Hong Kong media tycoon Lai unaware of Biden dossier, aide says

WION Web Team
Hong Kong, China Published: Nov 01, 2020, 01:43 PM(IST)

Jimmy Lai Photograph:( AFP )

Story highlights

Senior aide Mark Simon on Sunday stepped down from his post at Apple Daily after the admission.

A top aide to Hong Kong pro-democracy media tycoon Jimmy Lai has admitted he helped fund a contentious report alleging links between Joe Biden's son and China. He, however, insisted his boss did not know about it.

Senior aide Mark Simon on Sunday stepped down from his post at Apple Daily after the admission.

The 64-page document by a fictitious author, which was circulated online and seized on by US President Donald Trump's supporters, alleged business connections between Hunter Biden and China.

Investigations in recent days, however, raised questions about its veracity and how it was compiled.

In a series of tweets over the weekend Lai said senior aide Mark Simon, a vocal critic of Biden, had "worked with the project". "Mark used my private company's money to reimburse for the research he requested. It's only US$10,000 so he didn't have to have my approval," Lai wrote.

"I know it is hard for anyone to believe that I didn't know about it and my integrity is damaged," he added.

Lai was one of the first people to be arrested under a new national security law that Beijing imposed on Hong Kong in June following last year's pro-democracy protests.

Lai has long been a thorn in the side of Beijing and has spoken favourably of Trump's willingness to confront China. His Apple Daily newspapers and Next Magazine are unashamedly pro-democracy and he is routinely villified by China's state media. 

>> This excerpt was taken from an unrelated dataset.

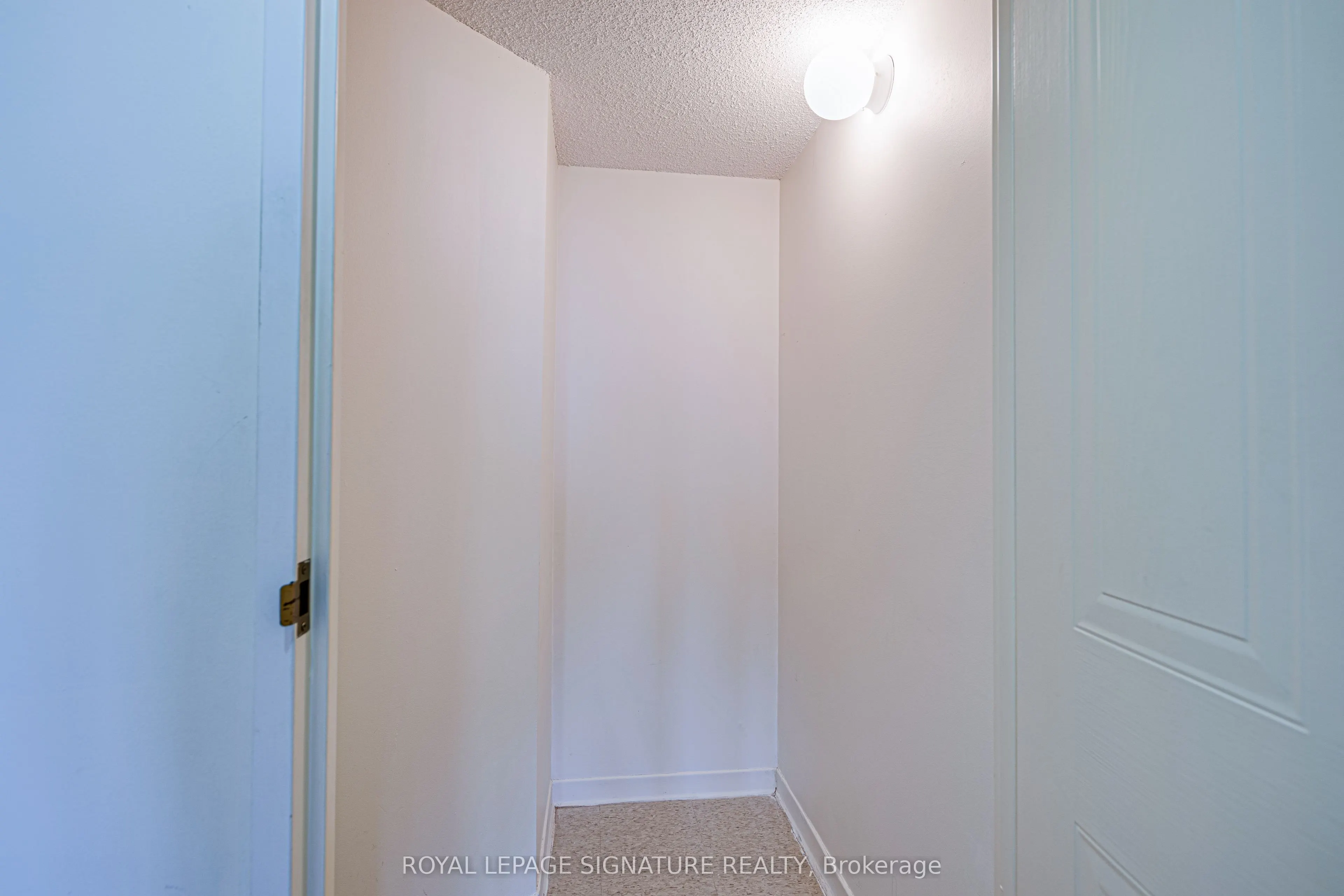 150 Alton Towers Circle, #405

According to AFP, Simon Sunday said he acted in his own capacity in paying for some of the research that ended up in the dossier. 

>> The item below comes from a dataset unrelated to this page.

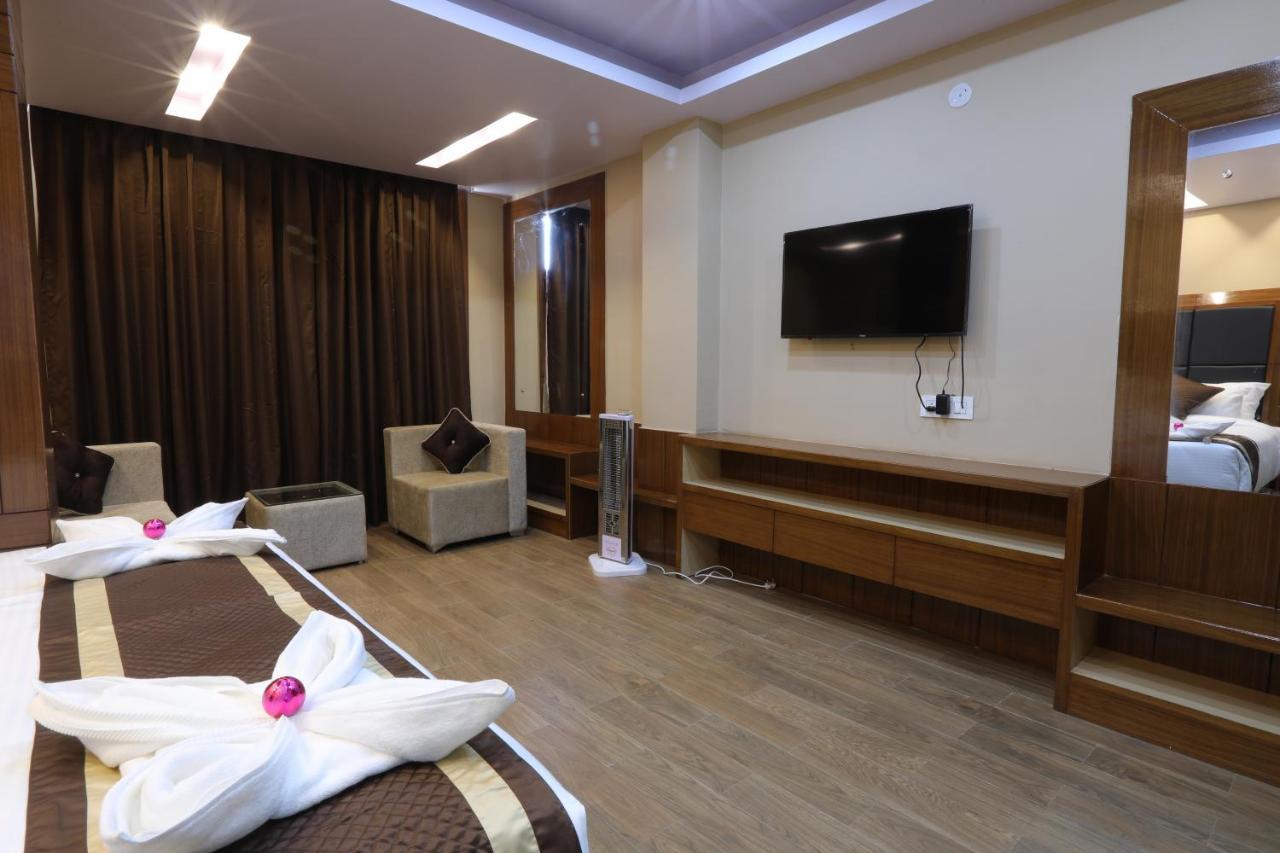Ameera Hotel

"Apple Daily had nothing to do with the report and certainly Mr. Lai has nothing to do with it," he said.   

"All were completely unaware of me helping out with expenses of research."

Earlier on Friday, NBC published an investigation saying the 64-page dossier had "questionable authorship and anonymous sourcing". The investigation found the listed author, a supposed Swiss security analyst called Martin Aspen, was a fabricated identity and that his picture had been created using software.

According to NBC, blogger and academic Christopher Balding, a former associate professor at Fulbright University Vietnam, said he had contributed to the report and admitted Aspen did not exist. He said the report was was "commissioned by Apple Daily", Lai's staunchly pro-democracy and anti-Beijing newspaper in Hong Kong and Taiwan.

The paper denied that characterisation, as did Simon. 

"I nor anyone at Apple did anything in terms of research or writing, just no role whatsoever.  All arms length," he said. 

"$10k is well within my discretion, but putting Apple people and Jimmy in the firing line was wrong. I was far too casual with using Apple Daily name, I abused the trust I have been given," he added, explaining his decision to resign.

Apple Daily's newsroom was raided by more than 200 police officers and authorities accuse Lai of "colluding with foreign forces" and money laundering.